Tangram2 is a computational framework for learning cell–cell communication directly from single-cell and spatial transcriptomics data. Tangram2 is organized into three modules:
Tangram2-mapping Aligns scRNA-seq profiles to spatial transcriptomics (SRT) by learning a probabilistic mapping from single cells to spots. This enables identification of co-localized cell populations while retaining transcriptome-wide coverage, and includes an integrated mapping mode to robustly handle both paired and unpaired scRNA/SRT datasets.
Tangram2-CCC Builds on the mapping output to infer cell–cell communication effects. It fits a linear model that decomposes gene expression into intrinsic cell-type programs and interaction-driven components, yielding an “interaction tensor” of gene-level coefficients that quantify how each sender cell type modulates each receiver cell type’s genes. This allows systematic identification of interaction-induced transcriptional programs across tissues.
Tangram2-evalkit Provides a synthetic data generation and benchmarking framework. Starting from real scRNA-seq with cell-type labels, it simulates Visium-like spot grids with configurable cell-type compositions, spatial structure, noise levels, and injected intercellular interactions. These datasets are then used to benchmark both mapping and CCC performance under controlled conditions.

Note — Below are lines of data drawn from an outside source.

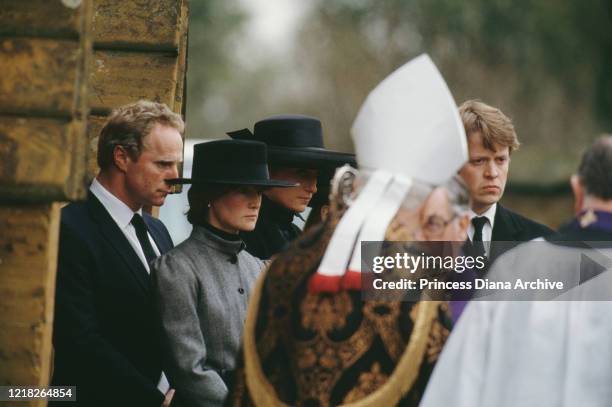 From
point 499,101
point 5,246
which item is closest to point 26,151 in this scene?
point 5,246

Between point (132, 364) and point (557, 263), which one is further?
point (132, 364)

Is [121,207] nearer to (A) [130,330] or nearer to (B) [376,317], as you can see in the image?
(A) [130,330]

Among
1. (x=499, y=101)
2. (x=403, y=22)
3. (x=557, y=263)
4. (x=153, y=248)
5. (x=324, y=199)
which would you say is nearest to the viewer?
(x=557, y=263)

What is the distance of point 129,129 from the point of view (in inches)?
192

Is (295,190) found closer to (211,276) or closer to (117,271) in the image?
(211,276)

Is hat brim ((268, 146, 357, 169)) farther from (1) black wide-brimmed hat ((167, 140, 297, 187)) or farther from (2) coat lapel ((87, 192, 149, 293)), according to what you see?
(2) coat lapel ((87, 192, 149, 293))

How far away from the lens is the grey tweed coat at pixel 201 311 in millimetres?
4443

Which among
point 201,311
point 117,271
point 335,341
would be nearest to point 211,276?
point 201,311

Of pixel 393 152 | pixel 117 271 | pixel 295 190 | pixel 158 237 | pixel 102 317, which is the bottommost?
pixel 102 317

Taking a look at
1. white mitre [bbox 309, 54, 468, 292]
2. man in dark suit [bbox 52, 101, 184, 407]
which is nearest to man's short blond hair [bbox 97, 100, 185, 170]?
man in dark suit [bbox 52, 101, 184, 407]

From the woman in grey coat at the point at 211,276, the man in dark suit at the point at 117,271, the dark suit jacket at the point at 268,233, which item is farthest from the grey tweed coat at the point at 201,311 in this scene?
the dark suit jacket at the point at 268,233

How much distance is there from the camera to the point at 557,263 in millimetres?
3715

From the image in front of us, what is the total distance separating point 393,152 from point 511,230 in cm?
161

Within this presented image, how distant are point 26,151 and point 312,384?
1.12m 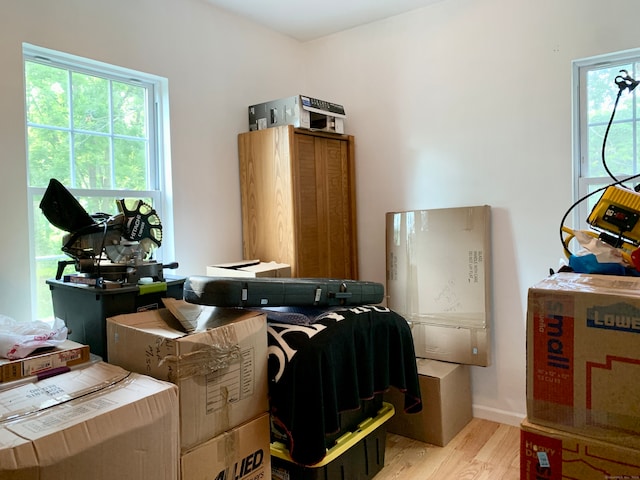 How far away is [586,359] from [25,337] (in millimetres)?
1836

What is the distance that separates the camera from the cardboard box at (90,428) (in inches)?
45.7

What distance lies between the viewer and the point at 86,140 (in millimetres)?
2521

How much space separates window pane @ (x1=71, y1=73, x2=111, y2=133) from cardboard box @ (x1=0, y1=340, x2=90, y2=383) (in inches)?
50.5

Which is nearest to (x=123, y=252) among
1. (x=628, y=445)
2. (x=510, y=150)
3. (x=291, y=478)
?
(x=291, y=478)

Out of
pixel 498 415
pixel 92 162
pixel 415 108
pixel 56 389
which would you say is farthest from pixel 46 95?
pixel 498 415

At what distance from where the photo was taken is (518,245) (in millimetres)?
2877

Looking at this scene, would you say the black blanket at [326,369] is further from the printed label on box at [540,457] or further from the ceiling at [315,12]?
the ceiling at [315,12]

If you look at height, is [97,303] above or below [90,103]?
below

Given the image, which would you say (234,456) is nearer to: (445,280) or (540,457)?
(540,457)

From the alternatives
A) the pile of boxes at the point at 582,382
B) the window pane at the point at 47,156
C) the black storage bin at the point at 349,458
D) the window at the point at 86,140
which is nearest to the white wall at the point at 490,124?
the black storage bin at the point at 349,458

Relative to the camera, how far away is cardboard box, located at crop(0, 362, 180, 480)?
1.16m

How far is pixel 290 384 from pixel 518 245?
176 cm

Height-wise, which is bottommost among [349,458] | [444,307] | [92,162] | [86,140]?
[349,458]

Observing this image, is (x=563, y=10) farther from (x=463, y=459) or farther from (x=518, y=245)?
(x=463, y=459) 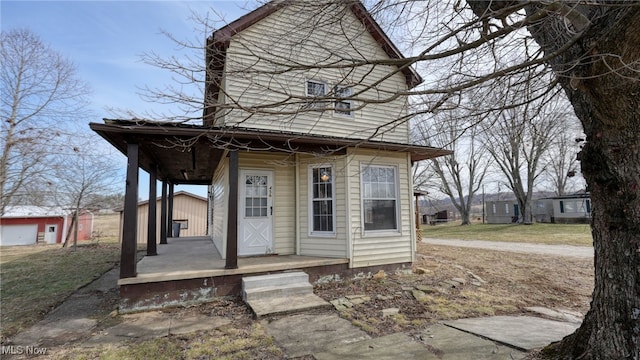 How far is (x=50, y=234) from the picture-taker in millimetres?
24641

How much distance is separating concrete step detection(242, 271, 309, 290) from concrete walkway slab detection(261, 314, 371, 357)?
104 centimetres

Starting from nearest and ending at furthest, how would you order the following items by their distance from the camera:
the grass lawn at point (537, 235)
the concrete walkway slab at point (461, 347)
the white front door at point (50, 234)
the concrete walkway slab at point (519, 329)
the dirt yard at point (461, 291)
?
the concrete walkway slab at point (461, 347) < the concrete walkway slab at point (519, 329) < the dirt yard at point (461, 291) < the grass lawn at point (537, 235) < the white front door at point (50, 234)

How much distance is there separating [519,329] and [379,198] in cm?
394

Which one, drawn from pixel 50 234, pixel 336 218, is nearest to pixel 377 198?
pixel 336 218

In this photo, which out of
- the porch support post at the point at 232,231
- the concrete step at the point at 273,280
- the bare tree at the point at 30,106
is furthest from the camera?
the bare tree at the point at 30,106

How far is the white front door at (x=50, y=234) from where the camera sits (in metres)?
24.5

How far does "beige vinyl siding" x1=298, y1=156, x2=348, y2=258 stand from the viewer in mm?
6961

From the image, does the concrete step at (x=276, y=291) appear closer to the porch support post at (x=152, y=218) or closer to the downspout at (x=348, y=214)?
the downspout at (x=348, y=214)

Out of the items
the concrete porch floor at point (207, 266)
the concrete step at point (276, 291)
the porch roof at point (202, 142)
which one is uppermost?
the porch roof at point (202, 142)

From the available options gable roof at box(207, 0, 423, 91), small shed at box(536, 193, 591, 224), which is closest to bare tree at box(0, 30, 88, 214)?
gable roof at box(207, 0, 423, 91)

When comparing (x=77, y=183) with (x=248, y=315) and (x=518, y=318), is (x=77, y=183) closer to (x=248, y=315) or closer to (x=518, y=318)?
(x=248, y=315)

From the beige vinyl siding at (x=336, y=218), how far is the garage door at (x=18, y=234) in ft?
90.4

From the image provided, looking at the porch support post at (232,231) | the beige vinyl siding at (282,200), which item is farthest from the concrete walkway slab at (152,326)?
the beige vinyl siding at (282,200)

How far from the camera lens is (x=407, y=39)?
365 cm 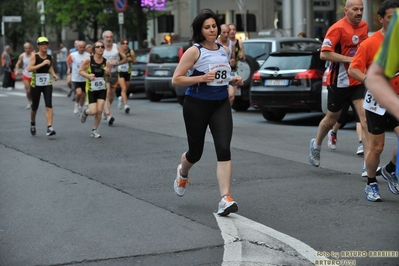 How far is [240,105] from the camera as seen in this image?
2080 cm

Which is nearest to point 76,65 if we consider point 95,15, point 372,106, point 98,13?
point 372,106

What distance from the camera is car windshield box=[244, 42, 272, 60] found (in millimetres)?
20250

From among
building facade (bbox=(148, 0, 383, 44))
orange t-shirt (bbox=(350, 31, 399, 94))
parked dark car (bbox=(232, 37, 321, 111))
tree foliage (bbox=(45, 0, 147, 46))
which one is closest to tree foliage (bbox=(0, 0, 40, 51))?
building facade (bbox=(148, 0, 383, 44))

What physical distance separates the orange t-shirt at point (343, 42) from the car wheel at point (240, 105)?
34.4 feet

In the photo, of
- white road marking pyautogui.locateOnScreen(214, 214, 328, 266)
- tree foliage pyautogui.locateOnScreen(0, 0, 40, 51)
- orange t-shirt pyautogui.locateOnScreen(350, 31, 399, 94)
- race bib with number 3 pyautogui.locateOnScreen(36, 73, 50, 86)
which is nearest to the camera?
white road marking pyautogui.locateOnScreen(214, 214, 328, 266)

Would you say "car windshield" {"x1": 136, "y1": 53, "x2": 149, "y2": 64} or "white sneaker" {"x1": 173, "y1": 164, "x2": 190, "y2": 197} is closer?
"white sneaker" {"x1": 173, "y1": 164, "x2": 190, "y2": 197}

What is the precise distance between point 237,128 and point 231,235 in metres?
9.77

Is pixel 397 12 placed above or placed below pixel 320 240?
above

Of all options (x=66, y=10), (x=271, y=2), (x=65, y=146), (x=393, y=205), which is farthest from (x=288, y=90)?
(x=271, y=2)

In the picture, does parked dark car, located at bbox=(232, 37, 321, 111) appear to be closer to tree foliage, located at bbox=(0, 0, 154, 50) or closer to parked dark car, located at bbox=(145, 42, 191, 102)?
parked dark car, located at bbox=(145, 42, 191, 102)

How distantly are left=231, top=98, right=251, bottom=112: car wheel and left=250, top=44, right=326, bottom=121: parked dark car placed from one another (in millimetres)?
2747

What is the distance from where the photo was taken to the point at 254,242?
21.7ft

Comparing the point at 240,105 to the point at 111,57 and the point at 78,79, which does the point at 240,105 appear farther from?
the point at 78,79

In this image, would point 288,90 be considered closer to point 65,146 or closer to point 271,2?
point 65,146
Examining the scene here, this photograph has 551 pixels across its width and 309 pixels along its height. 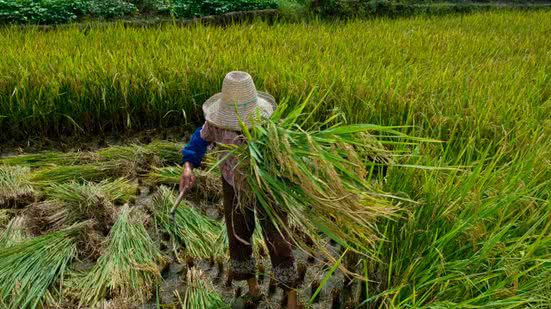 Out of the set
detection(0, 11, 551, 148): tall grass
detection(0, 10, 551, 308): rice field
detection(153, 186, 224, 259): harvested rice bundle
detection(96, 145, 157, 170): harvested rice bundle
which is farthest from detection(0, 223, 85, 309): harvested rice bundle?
detection(0, 11, 551, 148): tall grass

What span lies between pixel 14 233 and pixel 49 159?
73 centimetres

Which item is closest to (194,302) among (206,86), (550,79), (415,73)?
(206,86)

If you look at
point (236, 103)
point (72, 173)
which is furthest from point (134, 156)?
point (236, 103)

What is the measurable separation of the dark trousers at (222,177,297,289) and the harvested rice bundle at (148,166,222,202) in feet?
2.64

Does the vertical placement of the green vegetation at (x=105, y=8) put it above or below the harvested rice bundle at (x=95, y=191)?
above

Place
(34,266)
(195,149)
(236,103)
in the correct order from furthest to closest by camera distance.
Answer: (34,266)
(195,149)
(236,103)

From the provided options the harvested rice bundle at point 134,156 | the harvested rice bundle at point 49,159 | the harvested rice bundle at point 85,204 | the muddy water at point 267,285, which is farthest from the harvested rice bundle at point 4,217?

To install tangram2, you can use the following command:
# Clone the repository
git clone https://github.com/Genentech/tangram2.git
# Change to the tangram2 directory
cd tangram2
# Create the environment using conda/mamba/micromamba
# Substitute {x} with your environment (eg macosx, linux, windows)
micromamba env create --file envs/{x}_environment.yml
# Activate the environment
micromamba activate tangram2
# Install the package
pip install .[cuda]For the environment, the X prefix represents the OS you are using, e.g., linux, macos, or windows.
Setting up the conda environment and completing the installation typically takes less than 10 minutes on a desktop computer.
The Tangram2 paper is published in Inferring cellular communication through mapping cells in space using Tangram 2 at BioRxiv(DOI: https://doi.org/10.1101/2025.09.28.679077). You can find all the notebooks used to generate the figures in the paper in the analysis directory. The notebooks are organized by figure number, and each notebook contains the code used to generate the corresponding figure in the paper.
Please make sure to use pre-commit when committing your changes. You can install pre-commit using the following command:
pip install pre-commitThen, run the following command to install the pre-commit hooks:
pre-commit installThis will ensure that your code follows the project's coding standards and style guidelines before you commit your changes.